I measured a baseline with everything left to its default in postgresql.conf, except for basic tweaks increasing shared_buffers, work_mem, and the number of worker processes. In that test, I got a nice 7082 TPS. Now, let’s see how much slower Postgres will go.

Caching? Nah…

One of the ways Postgres can respond to read queries efficiently is through extensive caching. Accessing data from the disk is slow, so whenever Postgres reads a block of data from the disk, it caches that block in RAM, allowing the next query that requires that block to read it from RAM. Of course, I want to force all queries to use the slowest possible reading method, so the smaller this cache is, the better. I can freely control the size of the buffer cache and other elements of Postgres’s shared memory using the shared_buffers knob. Unfortunately, I cannot simply set this to 0, as Postgres also uses the buffer cache as the area where active database pages are processed. Luckily, I can still get it pretty low.

First, I tried going from the 10GB I allocated in the baseline to 8MB.

shared_buffers = 8MB

Already, Postgres is operating at only 1/7th of its initial speed. The reduced buffer cache forced Postgres to keep fewer pages in RAM, meaning the percentage of page requests that could be fulfilled without going to the operating system plummeted from 99.90% to 70.52%, resulting in an almost 300x increase in the number of read syscalls.

But we can do better. 70% is still too high, and it should be possible to reduce the cache size further. Next, I tried 128kB.

Oops. 128kB of shared buffers can only store a maximum of 16 database pages (excluding any other content in the shared buffers), and Postgres likely requires simultaneous access to more than 16 pages. After some messing around, I found that the lowest possible value was approximately 2 MB. Postgres is now below 500 TPS.

shared_buffers = 2MB

Making Postgres Perform As Background Work Much As Possible

Postgres has several tasks beyond processing transactions that can be computationally expensive. I can use this to my advantage. To minimize storage fragmentation, Postgres runs an autovacuum process that finds empty space (from operations like deletions) and fills that space with other tuples. Usually, this only runs after a certain number of changes are made to prevent an excessive performance penalty, but I can reconfigure autovacuum to minimize the time between each run.

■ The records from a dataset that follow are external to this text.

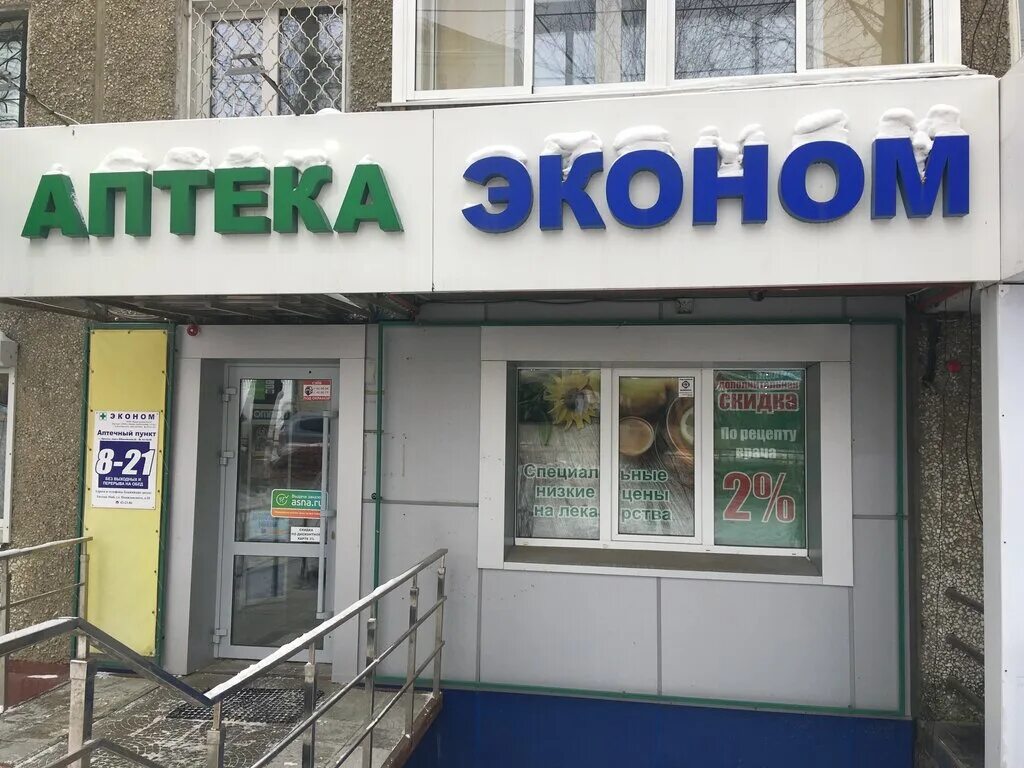 аптека плюс казань. аптека на гагарина. нарко из аптеке. аптека буденновский 56 ростов на дону. космонавтов 28 аптека ростов-на-дону.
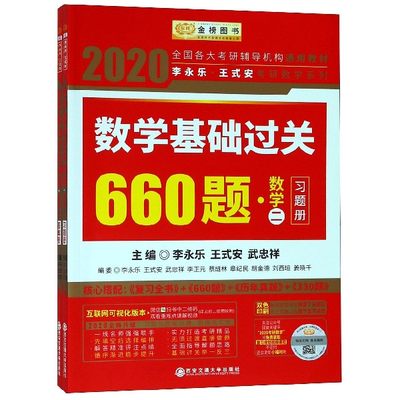 数学基础过关660题(数学2共2册)/2020李永乐王式安考研数学系列 博库网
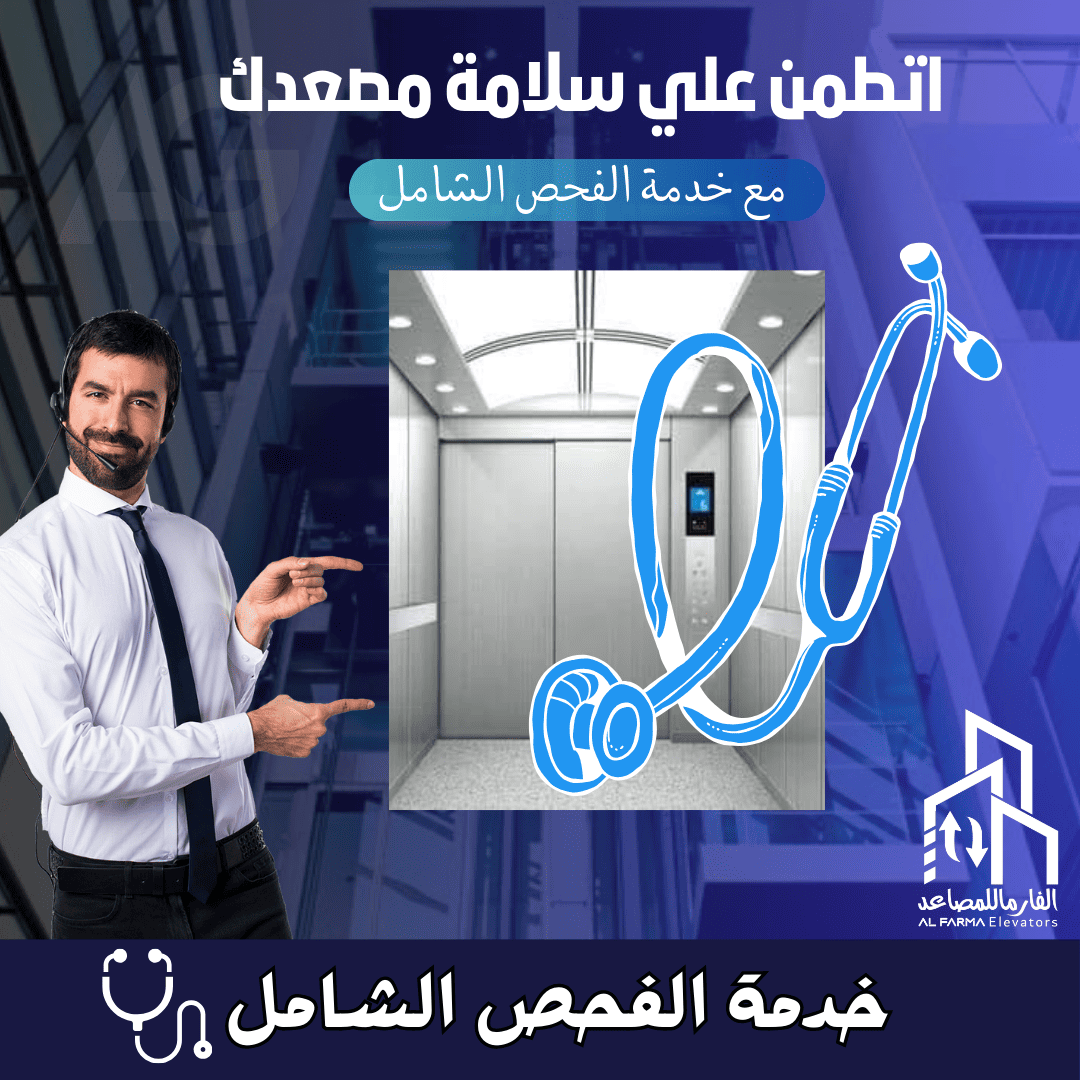 خدمات الفحص الشامل من شركة الفارما للمصاعد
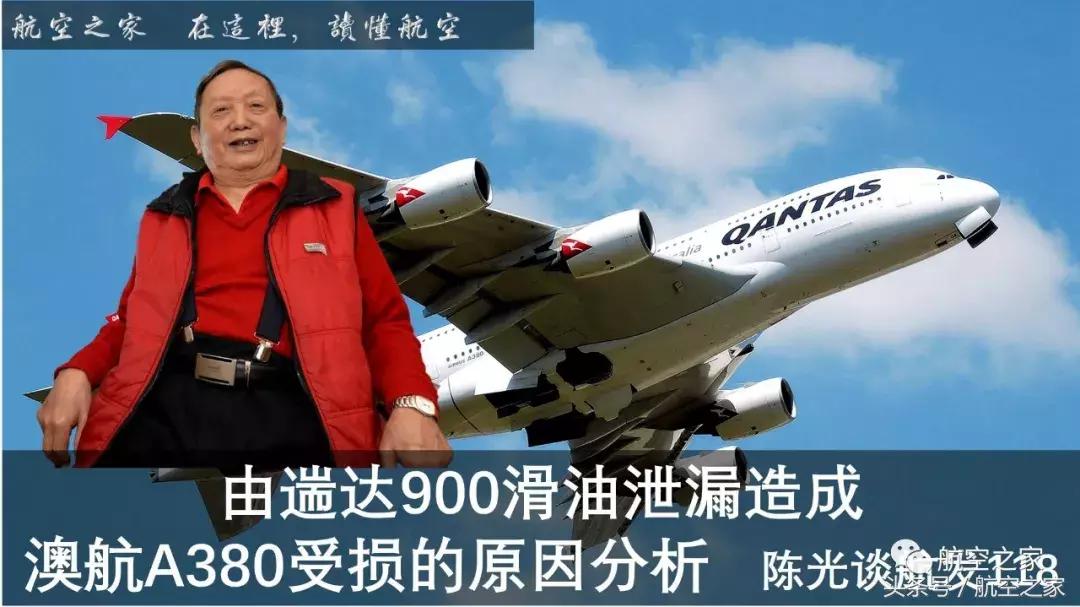 曾经搭乘世界最大客机空客a380,世界最大客机空客a380起降集锦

autovacuum_vacuum_insert_threshold = 1 # autovacuum can be triggered with only 1 insert
autovacuum_vacuum_threshold = 0 # minimum number of inserts, updates, or deletes needed to trigger a vacuum
autovacuum_vacuum_scale_factor = 0 # proportion of the unfrozen table size to consider when calculating thresholds
autovacuum_vacuum_max_threshold = 1 # max number of inserts, updates, or deletes needed to trigger a vacuum
autovacuum_naptime = 1 # the minimum delay between autovacuums in seconds; unfortunately, this cannot be set below 1, which limits us
vacuum_cost_limit = 10000 # query cost limit, which, if exceeded, will cause the vacuum to pause; I don't want the vacuum to ever stop, so I maxed this out
vacuum_cost_page_dirty = 0
vacuum_cost_page_hit = 0
vacuum_cost_page_miss = 0 # all of these minimize the cost for operations when calculating for `vacuum_cost_limit`

I also reconfigured the autovacuum analyzer, which collects statistics to guide vacuuming and query planning (spoiler: accurate statistics shouldn’t stop me from messing with the query planner):

autovacuum_analyze_threshold = 0 # same as autovacuum_vacuum_threshold, but for ANALYZE
autovacuum_analyze_scale_factor = 0 # same as autovacuum_vacuum_scale_factor

I also tried to make the vacuuming process itself as slow as possible:

maintenance_work_mem = 128kB # the amount of memory allocated for vacuuming processes
log_autovacuum_min_duration = 0 # the duration (in milliseconds) that a autovacuum operation is required to run for before it is logged; I might as well log everything;
logging_collector = on # enables logging in general
log_destination = stderr,jsonlog # sets the output format/file for logs

I should note that the opposite approach might also work: if I disable autovacuuming entirely, pages will fill with dead tuples, and performance will gradually decrease. However, because this is an insert-heavy workload that only runs for 2 minutes, I didn’t see that approach as being as inefficient.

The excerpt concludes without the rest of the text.